(DATASET ENTRIES Opens)

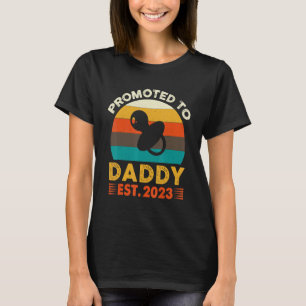 Promoted To Daddy 2023 Vintage Dad Pregnancy Annou T-Shirt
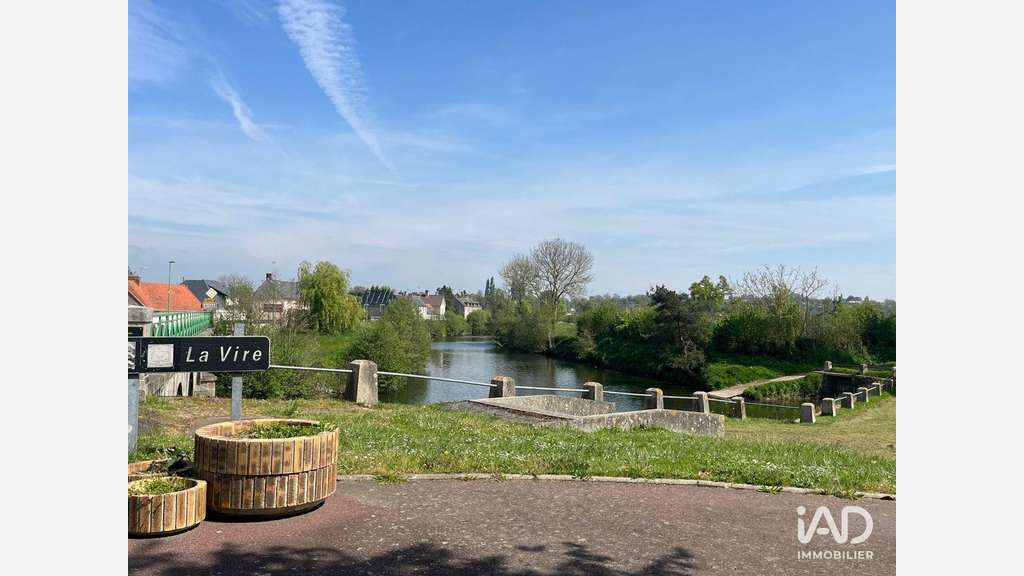 Vente bar brasserie en centre bourg à St-Fromond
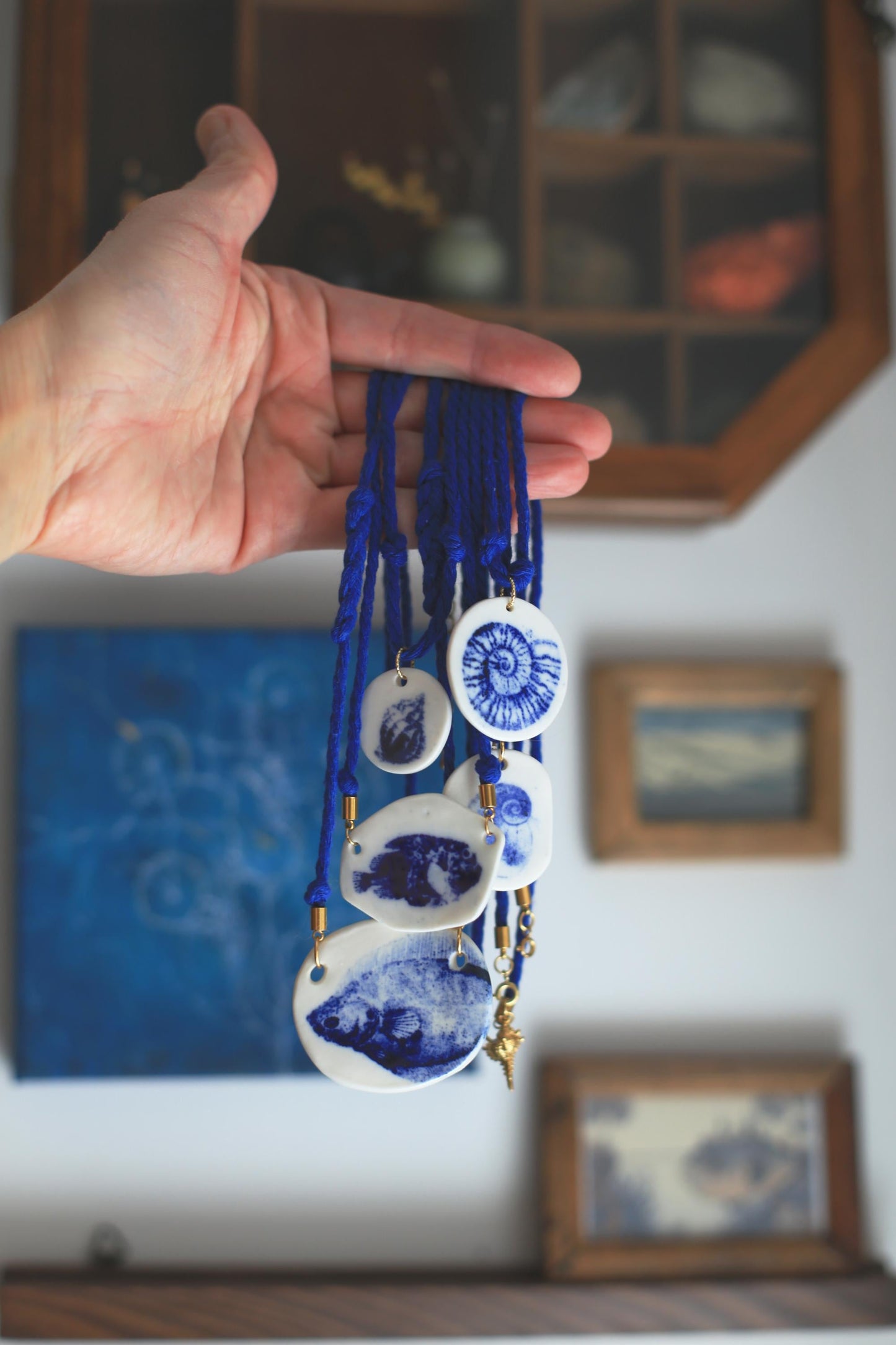 Cyclopteridae / Illustration Porcelain Necklace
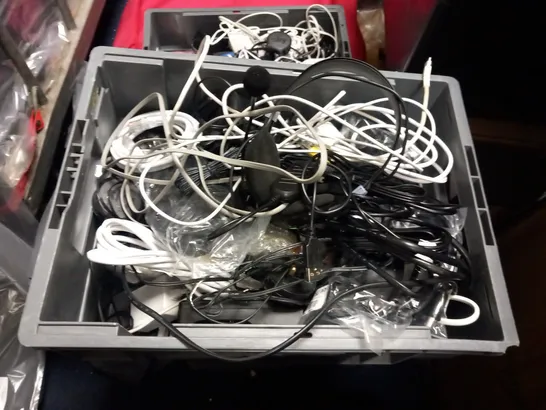 LARGE QUANTITY OF ASSORTED ELECTRICAL LEADS AND CHARGERS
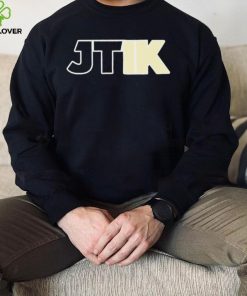 Toronto Maple Leafs wear JT1K logo shirt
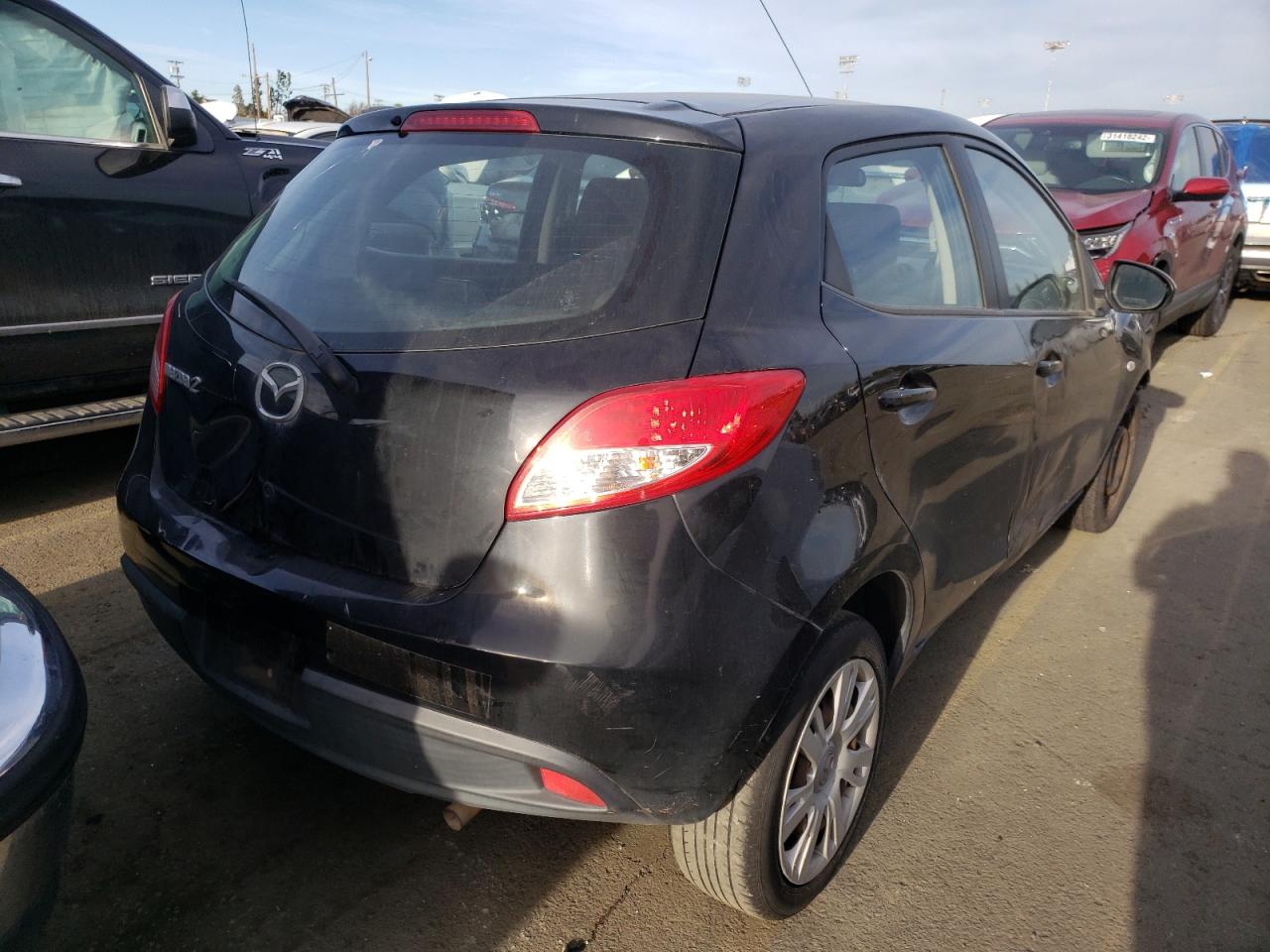 Photo 4 from auction – 2012 MAZDA MAZDA2 with VIN JM1DE1KZ8C0146672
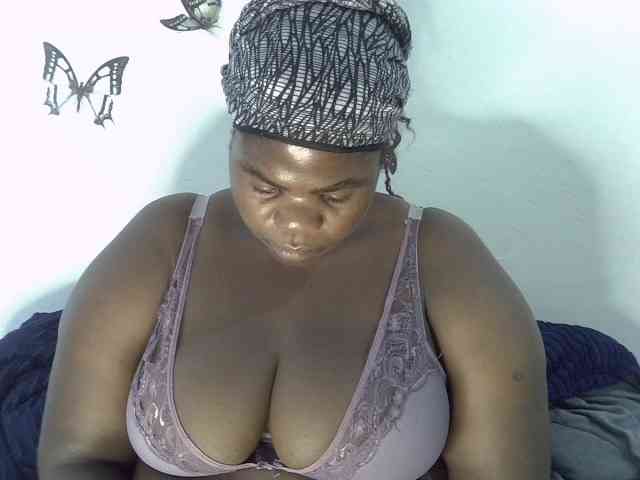 Bbwebonyw254 webcam
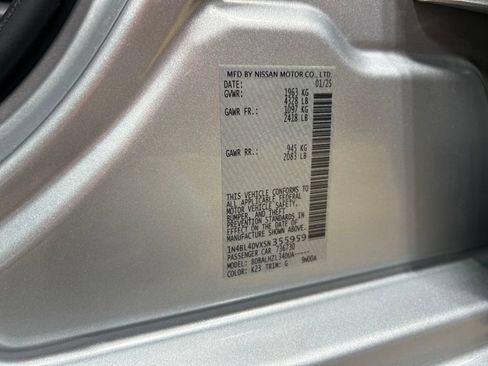 Used 2025 Nissan Altima 2.5 SV FWD image 4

(DATASET ENTRIES Closes)

WHAT NEEDS TO BE DONE
Omit the pictures and please write out exactly the lines between the one containing "Vente bar brasserie" and the last line of the entries, both included.

RESPONSE BOX
 Vente bar brasserie en centre bourg à St-Fromond
 Cyclopteridae / Illustration Porcelain Necklace
 LARGE QUANTITY OF ASSORTED ELECTRICAL LEADS AND CHARGERS
 Toronto Maple Leafs wear JT1K logo shirt
 Photo 4 from auction – 2012 MAZDA MAZDA2 with VIN JM1DE1KZ8C0146672
 Bbwebonyw254 webcam
 Used 2025 Nissan Altima 2.5 SV FWD image 4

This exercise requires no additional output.